Task objective:
Word for word, copy the data that follows and skip its pictures.

──────── The input ────────

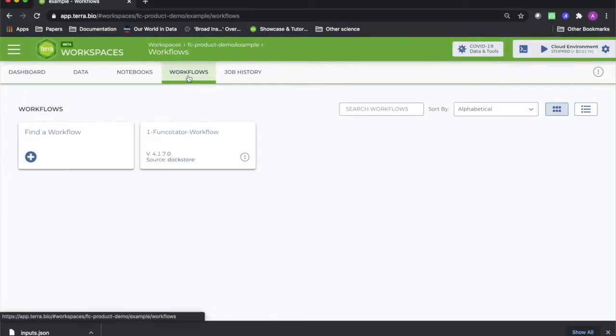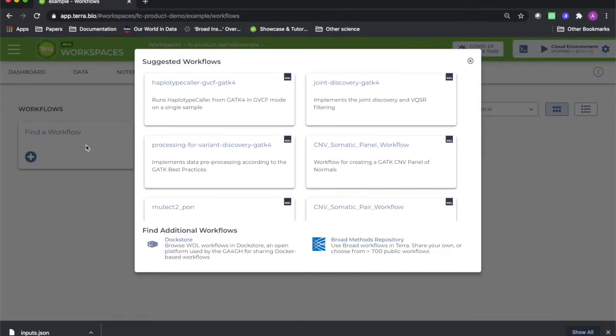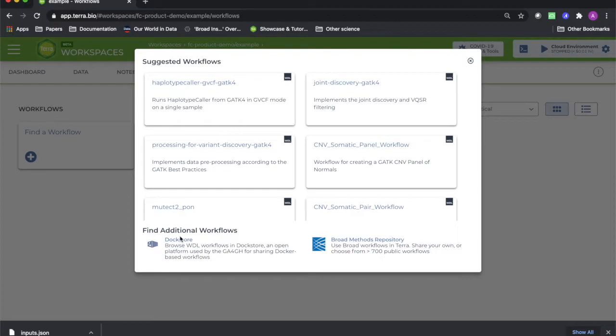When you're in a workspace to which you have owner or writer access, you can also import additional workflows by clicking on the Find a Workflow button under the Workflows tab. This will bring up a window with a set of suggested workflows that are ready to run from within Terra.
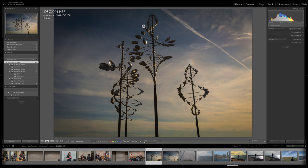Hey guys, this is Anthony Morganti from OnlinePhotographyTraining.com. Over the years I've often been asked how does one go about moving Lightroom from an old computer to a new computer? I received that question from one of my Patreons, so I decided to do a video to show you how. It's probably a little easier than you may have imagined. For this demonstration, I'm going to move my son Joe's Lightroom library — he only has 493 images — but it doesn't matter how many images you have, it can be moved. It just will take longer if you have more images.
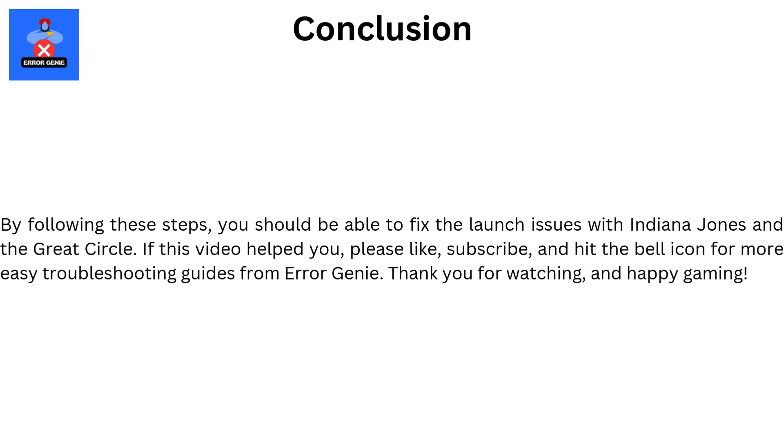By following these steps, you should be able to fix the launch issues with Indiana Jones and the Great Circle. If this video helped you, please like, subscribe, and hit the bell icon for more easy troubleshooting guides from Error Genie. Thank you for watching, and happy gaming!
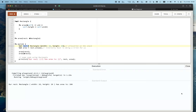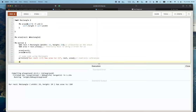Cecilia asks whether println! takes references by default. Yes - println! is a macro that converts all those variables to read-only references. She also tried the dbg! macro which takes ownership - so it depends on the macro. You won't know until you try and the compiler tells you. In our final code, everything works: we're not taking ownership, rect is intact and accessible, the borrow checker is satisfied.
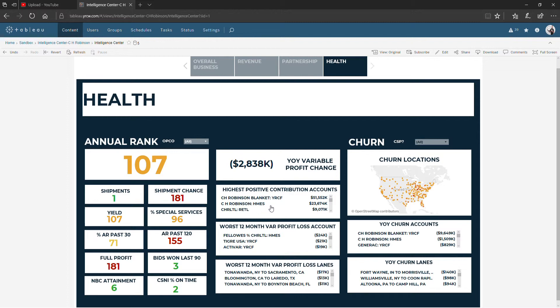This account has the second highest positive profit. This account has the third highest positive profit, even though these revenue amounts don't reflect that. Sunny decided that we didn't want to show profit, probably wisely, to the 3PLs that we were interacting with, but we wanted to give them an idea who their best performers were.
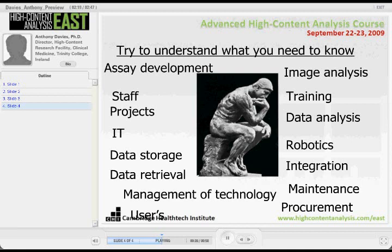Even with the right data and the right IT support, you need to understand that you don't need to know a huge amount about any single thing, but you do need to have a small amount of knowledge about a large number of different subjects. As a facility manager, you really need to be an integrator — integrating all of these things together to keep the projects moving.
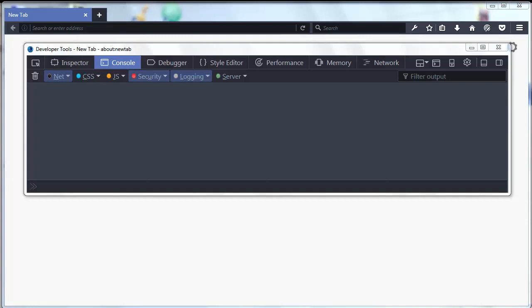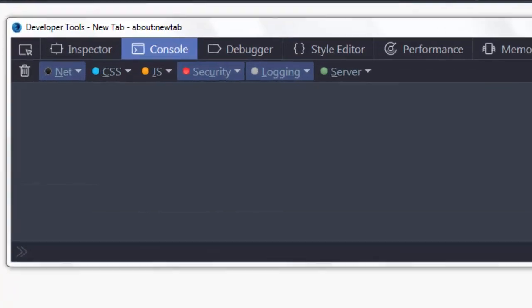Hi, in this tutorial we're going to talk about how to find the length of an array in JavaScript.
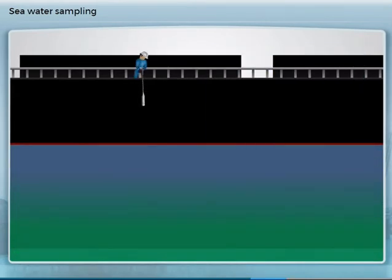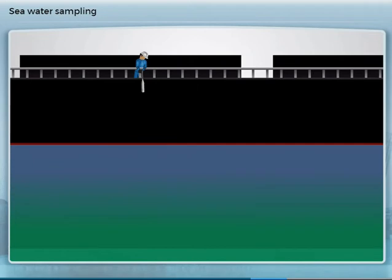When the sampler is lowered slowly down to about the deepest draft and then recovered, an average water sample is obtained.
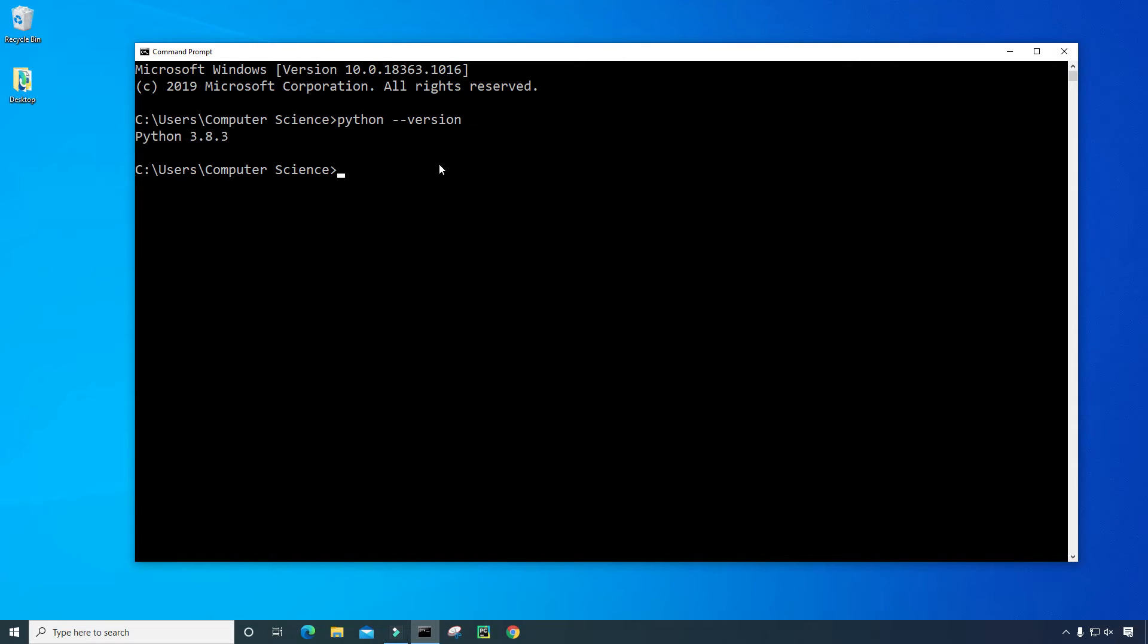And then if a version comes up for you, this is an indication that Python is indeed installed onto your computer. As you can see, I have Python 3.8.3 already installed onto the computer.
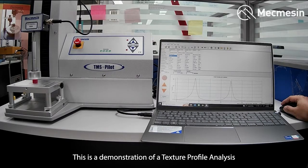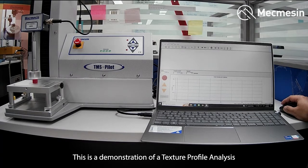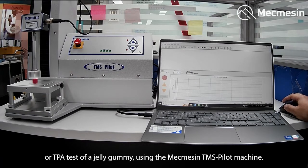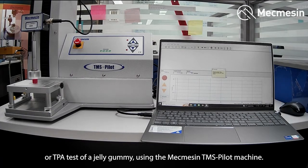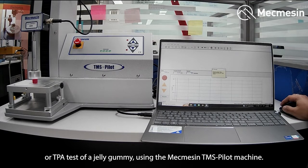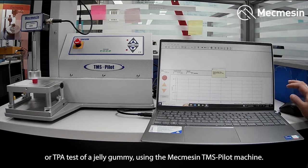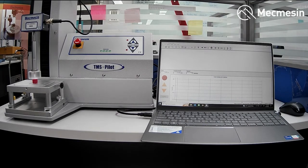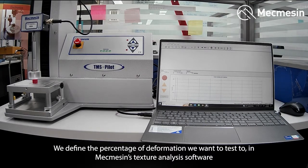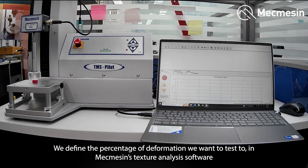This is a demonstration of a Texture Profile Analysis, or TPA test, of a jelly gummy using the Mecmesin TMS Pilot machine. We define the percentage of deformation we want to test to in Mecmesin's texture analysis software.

────────

Answer section:
When you're in a workspace to which you have owner or writer access, you can also import additional workflows by clicking on the Find a Workflow button under the Workflows tab. This will bring up a window with a set of suggested workflows that are ready to run from within Terra.
Hey guys, this is Anthony Morganti from OnlinePhotographyTraining.com. Over the years I've often been asked how does one go about moving Lightroom from an old computer to a new computer? I received that question from one of my Patreons, so I decided to do a video to show you how. It's probably a little easier than you may have imagined. For this demonstration, I'm going to move my son Joe's Lightroom library — he only has 493 images — but it doesn't matter how many images you have, it can be moved. It just will take longer if you have more images.
By following these steps, you should be able to fix the launch issues with Indiana Jones and the Great Circle. If this video helped you, please like, subscribe, and hit the bell icon for more easy troubleshooting guides from Error Genie. Thank you for watching, and happy gaming!
Cecilia asks whether println! takes references by default. Yes - println! is a macro that converts all those variables to read-only references. She also tried the dbg! macro which takes ownership - so it depends on the macro. You won't know until you try and the compiler tells you. In our final code, everything works: we're not taking ownership, rect is intact and accessible, the borrow checker is satisfied.
This account has the second highest positive profit. This account has the third highest positive profit, even though these revenue amounts don't reflect that. Sunny decided that we didn't want to show profit, probably wisely, to the 3PLs that we were interacting with, but we wanted to give them an idea who their best performers were.
Even with the right data and the right IT support, you need to understand that you don't need to know a huge amount about any single thing, but you do need to have a small amount of knowledge about a large number of different subjects. As a facility manager, you really need to be an integrator — integrating all of these things together to keep the projects moving.
Hi, in this tutorial we're going to talk about how to find the length of an array in JavaScript.
When the sampler is lowered slowly down to about the deepest draft and then recovered, an average water sample is obtained.
And then if a version comes up for you, this is an indication that Python is indeed installed onto your computer. As you can see, I have Python 3.8.3 already installed onto the computer.
This is a demonstration of a Texture Profile Analysis, or TPA test, of a jelly gummy using the Mecmesin TMS Pilot machine. We define the percentage of deformation we want to test to in Mecmesin's texture analysis software.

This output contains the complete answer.